I am the the founder of this site and I am grateful you are here to be part of this awesome community. I help hard-working Asian American Millennials get rich doing work they love.

3 comments

  1. Hey Will, you make a very good point about why process based goals are important since you have control over your own behaviors.

    I tend to use both, since process goals just seem like the obvious next step once you choose an outcome goal and then ask yourself, “How do I achieve that?”

    But I gotta admit, I get WAY more excited over outcome goals vs process goals.

    Do you ever feel like that?
    Or do you feel more motivated/excited about process goals?

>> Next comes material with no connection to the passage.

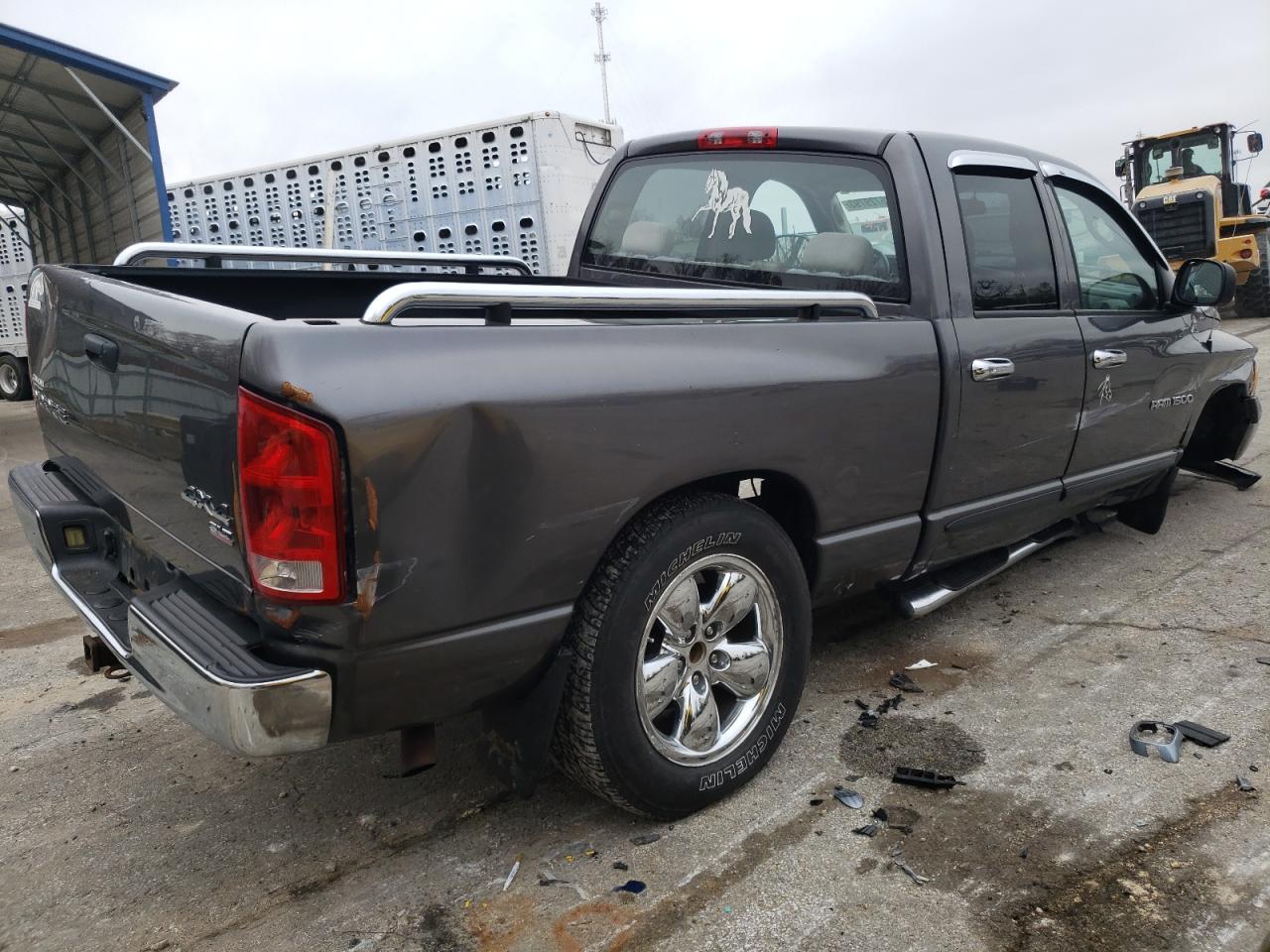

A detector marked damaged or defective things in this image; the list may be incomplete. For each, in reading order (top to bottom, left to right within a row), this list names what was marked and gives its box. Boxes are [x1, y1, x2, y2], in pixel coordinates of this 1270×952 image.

cracked pavement [2, 322, 1270, 952]
broken car part [1132, 721, 1178, 767]
broken car part [1168, 721, 1229, 751]
broken car part [894, 767, 959, 791]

    1. Chris, great points. There is usually an implied outcome goal with a process goal. I tend to use both as well. I found that depending on the outcome goal, one can get excited but that excitement can fade quickly once they realize the work needed. A great body from nutrition and exercise is one example. That said, I can see people getting and maintaining that excitement for finishing a marathon or visiting Costa Rica / traveling the world.

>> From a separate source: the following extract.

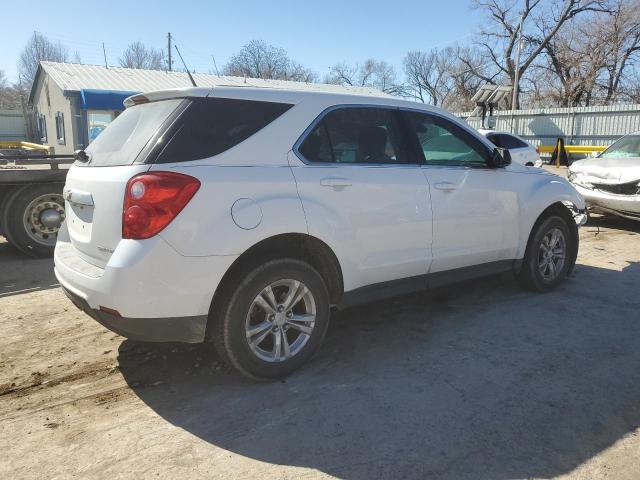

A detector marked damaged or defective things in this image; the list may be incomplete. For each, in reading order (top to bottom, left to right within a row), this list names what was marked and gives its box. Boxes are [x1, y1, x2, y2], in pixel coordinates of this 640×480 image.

damaged vehicle [568, 132, 640, 220]
cracked concrete ground [1, 214, 640, 480]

      It’s true that some process goals and habits don’t excite me as much. I do have goals of creating content every other day, which can be more of a regular activity than something that super charges me. The processes that excite me, like filming the video, I do naturally and don’t need as much of a process for it.

      Most of the time, the outcome is the PLEASURE/Pay Off, so it’s naturally more exciting and enjoyable. The Process is the PAINFUL / unpleasant / Pay-In, which is naturally not as enjoyable. What many succesful people say is that you have to find some way of enjoying the journey/climb/work more than the destination because the man who loves the walk more than the finish line walks farther or actually get theres. This is the whole follow your passion route, which is great in theory, harder and takes longer to find/establish in practice.

      So, to stop rambling, I think this tendency is natural. That said, we need to find ways of channeling a sustainable motivation so we don’t quick our NY resolutions in a short period of time and fail.

      1. Well said, Will, and not rambly at all lol. I appreciate your insights, dude.

        And I’m glad you keep pushing yourself to keep blogging and vlogging and learning and (of course) improving. None of these are easy, but they’re all worth it.